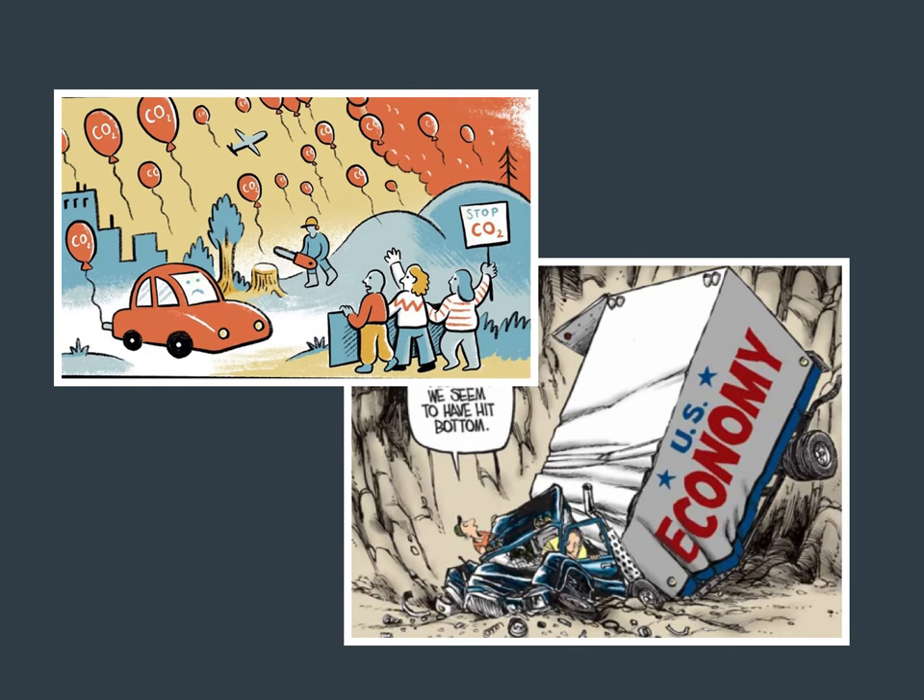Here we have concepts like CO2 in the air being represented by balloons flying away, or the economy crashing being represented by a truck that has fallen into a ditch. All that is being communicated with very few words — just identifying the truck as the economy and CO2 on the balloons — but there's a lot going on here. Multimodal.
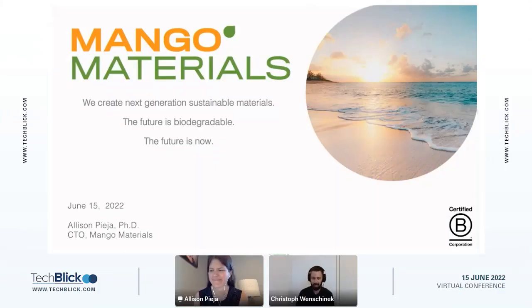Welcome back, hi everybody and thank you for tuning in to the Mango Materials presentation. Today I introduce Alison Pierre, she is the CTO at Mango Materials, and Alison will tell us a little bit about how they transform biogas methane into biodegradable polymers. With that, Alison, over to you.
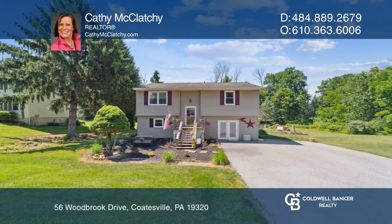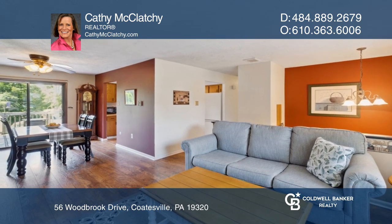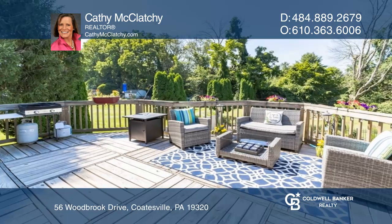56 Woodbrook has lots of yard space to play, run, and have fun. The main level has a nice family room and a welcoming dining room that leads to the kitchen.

§ **Assigned task**
An unchanged copy of the listing, with no pictures, should be returned.

§ **Response below**
Here we have concepts like CO2 in the air being represented by balloons flying away, or the economy crashing being represented by a truck that has fallen into a ditch. All that is being communicated with very few words — just identifying the truck as the economy and CO2 on the balloons — but there's a lot going on here. Multimodal.
Welcome back, hi everybody and thank you for tuning in to the Mango Materials presentation. Today I introduce Alison Pierre, she is the CTO at Mango Materials, and Alison will tell us a little bit about how they transform biogas methane into biodegradable polymers. With that, Alison, over to you.
56 Woodbrook has lots of yard space to play, run, and have fun. The main level has a nice family room and a welcoming dining room that leads to the kitchen.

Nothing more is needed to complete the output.